§ **WORK ITEM**
Below is a listing. Gather each line of it that contains "Chapter".

§ **TASK DATA**
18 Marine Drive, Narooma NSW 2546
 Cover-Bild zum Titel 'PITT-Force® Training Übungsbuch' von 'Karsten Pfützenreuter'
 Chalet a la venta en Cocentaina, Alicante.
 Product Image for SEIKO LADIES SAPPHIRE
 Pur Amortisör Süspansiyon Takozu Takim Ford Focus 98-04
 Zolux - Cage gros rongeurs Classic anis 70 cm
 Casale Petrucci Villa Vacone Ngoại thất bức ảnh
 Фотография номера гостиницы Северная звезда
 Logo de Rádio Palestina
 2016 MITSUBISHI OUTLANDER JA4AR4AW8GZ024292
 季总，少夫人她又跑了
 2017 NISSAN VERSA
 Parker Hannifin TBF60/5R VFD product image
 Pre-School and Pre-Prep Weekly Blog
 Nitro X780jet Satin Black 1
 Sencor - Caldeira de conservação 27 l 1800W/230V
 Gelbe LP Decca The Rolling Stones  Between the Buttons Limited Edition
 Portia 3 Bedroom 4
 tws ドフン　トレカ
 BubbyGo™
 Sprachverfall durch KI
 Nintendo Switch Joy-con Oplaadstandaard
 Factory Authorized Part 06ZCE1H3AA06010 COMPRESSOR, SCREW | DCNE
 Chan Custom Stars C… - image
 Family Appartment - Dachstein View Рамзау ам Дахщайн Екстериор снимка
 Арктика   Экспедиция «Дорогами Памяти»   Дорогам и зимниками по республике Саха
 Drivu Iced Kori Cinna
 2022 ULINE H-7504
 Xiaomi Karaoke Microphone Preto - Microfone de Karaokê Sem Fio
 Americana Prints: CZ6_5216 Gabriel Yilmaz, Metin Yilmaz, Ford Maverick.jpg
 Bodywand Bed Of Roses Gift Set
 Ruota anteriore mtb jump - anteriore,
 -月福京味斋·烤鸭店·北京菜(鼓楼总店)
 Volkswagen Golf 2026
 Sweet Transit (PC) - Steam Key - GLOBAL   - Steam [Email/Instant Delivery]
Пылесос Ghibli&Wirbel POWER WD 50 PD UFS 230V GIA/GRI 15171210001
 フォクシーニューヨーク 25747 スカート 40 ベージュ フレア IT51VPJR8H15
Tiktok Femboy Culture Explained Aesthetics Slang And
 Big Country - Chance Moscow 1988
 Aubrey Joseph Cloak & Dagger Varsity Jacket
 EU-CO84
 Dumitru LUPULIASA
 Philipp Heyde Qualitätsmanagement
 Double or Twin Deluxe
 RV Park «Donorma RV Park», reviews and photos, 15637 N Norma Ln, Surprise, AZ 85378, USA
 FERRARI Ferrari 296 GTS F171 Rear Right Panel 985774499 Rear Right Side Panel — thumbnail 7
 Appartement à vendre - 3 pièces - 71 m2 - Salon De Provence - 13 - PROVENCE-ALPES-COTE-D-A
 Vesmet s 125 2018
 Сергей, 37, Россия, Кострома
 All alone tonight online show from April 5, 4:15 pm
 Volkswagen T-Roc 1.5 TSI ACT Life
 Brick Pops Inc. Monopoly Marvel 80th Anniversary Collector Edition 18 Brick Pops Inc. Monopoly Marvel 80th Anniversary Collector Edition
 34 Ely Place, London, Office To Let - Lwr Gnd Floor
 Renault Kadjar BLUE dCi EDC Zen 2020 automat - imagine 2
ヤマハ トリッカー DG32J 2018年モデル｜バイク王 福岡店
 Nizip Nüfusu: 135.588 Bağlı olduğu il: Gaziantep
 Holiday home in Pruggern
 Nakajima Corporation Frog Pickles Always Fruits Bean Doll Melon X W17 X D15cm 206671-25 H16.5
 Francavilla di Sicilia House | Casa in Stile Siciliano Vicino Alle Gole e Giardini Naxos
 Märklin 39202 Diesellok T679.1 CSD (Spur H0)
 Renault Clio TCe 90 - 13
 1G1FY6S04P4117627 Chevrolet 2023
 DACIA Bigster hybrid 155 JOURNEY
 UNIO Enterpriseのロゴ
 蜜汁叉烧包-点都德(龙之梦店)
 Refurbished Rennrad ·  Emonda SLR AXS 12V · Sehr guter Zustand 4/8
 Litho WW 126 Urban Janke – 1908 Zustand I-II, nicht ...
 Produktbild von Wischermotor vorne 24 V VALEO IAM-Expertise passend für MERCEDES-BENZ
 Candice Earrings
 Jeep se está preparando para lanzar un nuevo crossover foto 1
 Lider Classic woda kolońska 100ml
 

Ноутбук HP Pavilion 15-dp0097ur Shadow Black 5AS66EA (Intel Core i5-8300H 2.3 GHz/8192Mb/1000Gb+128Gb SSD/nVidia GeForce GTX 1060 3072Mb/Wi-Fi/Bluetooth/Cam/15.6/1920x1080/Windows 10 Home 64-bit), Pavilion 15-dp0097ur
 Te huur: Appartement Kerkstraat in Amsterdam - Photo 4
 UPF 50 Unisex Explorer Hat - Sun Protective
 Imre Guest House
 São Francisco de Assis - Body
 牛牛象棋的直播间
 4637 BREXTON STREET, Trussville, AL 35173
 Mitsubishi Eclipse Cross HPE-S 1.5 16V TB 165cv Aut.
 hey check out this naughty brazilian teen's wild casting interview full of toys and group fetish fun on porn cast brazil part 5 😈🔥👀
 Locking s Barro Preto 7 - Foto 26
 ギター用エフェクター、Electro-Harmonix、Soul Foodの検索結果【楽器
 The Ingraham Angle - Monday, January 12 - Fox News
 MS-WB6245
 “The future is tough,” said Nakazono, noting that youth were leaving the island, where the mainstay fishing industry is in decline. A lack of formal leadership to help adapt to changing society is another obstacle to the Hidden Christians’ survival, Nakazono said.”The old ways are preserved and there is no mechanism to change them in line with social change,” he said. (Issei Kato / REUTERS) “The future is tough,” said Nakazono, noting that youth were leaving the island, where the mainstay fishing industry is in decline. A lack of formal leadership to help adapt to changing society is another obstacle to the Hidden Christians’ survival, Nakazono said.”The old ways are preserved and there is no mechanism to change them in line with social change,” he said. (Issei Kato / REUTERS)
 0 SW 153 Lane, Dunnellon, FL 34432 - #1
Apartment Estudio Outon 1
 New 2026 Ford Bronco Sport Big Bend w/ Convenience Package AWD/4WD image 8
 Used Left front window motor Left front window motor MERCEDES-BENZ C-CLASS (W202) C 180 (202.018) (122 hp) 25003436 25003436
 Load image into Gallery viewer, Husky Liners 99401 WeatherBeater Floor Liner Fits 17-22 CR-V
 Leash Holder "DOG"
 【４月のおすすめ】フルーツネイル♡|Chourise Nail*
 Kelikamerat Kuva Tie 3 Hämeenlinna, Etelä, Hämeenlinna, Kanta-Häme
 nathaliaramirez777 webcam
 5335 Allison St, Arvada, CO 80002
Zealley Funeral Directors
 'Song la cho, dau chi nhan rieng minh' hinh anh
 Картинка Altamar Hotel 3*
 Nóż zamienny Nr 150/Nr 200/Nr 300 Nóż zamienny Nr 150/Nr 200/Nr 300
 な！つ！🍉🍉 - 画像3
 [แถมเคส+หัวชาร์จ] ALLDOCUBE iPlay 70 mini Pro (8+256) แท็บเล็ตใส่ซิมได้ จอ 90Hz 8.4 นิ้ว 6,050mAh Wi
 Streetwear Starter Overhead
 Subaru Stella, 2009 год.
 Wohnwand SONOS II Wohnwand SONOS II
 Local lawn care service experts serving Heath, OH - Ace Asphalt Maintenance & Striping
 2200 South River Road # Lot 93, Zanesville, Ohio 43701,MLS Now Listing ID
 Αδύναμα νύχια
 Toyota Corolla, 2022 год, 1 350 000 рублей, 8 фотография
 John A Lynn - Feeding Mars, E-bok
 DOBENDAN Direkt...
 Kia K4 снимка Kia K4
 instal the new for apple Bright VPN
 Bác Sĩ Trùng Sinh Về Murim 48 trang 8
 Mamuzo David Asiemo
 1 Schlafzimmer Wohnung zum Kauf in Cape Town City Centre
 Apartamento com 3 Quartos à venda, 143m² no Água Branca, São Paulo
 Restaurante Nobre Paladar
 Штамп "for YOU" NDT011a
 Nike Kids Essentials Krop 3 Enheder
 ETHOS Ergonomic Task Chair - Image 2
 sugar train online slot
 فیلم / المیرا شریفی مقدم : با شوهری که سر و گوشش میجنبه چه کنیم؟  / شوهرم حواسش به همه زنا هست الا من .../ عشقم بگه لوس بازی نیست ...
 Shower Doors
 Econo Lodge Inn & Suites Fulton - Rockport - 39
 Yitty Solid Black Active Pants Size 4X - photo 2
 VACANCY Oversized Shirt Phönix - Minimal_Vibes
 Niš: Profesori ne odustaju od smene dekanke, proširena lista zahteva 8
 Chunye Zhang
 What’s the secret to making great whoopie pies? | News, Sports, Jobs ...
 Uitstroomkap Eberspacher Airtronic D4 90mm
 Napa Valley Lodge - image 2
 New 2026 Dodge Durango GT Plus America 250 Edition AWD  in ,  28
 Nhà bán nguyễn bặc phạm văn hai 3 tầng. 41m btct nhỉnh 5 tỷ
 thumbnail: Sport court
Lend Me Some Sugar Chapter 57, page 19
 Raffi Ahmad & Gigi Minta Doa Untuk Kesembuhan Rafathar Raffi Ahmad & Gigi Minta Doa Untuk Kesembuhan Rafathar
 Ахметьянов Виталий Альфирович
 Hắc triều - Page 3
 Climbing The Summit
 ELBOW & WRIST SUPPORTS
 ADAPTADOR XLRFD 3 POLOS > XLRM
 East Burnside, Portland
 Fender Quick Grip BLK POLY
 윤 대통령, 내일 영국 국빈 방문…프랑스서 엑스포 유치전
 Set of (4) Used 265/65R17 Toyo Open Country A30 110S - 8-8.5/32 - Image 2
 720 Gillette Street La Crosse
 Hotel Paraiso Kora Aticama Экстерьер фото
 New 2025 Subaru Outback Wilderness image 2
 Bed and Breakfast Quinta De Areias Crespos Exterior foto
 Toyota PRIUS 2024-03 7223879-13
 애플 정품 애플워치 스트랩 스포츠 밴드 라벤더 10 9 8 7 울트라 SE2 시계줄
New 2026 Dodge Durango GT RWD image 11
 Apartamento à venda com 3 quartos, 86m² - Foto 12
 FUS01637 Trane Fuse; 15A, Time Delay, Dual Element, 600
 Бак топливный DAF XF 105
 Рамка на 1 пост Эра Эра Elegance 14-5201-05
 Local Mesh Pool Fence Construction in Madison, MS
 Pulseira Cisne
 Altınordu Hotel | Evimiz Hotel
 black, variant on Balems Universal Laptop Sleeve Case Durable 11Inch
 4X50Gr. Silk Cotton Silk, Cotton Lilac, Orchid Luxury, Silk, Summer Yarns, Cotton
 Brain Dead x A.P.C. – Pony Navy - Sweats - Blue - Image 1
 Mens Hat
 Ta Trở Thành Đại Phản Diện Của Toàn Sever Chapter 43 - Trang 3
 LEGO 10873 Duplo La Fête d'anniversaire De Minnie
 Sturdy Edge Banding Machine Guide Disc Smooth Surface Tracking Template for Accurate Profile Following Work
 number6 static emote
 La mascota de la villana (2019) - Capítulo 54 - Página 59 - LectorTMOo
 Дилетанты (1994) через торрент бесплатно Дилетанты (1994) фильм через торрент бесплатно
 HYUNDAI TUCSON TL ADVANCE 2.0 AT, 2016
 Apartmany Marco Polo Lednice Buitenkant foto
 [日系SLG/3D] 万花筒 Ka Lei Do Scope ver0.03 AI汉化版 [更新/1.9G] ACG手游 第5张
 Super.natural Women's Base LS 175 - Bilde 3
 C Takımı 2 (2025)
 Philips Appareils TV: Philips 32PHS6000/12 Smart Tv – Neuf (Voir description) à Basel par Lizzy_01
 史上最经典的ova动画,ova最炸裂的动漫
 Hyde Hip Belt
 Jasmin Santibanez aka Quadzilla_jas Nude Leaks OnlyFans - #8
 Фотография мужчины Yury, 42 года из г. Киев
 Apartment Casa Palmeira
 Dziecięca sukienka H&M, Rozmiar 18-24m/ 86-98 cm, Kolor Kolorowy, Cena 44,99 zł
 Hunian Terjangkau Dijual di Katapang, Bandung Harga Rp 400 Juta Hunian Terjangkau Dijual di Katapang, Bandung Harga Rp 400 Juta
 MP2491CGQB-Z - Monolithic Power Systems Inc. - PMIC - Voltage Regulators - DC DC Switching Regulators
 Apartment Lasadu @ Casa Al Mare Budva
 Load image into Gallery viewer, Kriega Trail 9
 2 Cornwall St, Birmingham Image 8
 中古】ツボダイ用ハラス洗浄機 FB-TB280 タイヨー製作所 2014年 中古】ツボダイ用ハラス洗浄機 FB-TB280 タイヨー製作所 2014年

§ **ANSWER BOX**
Lend Me Some Sugar Chapter 57, page 19
 Ta Trở Thành Đại Phản Diện Của Toàn Sever Chapter 43 - Trang 3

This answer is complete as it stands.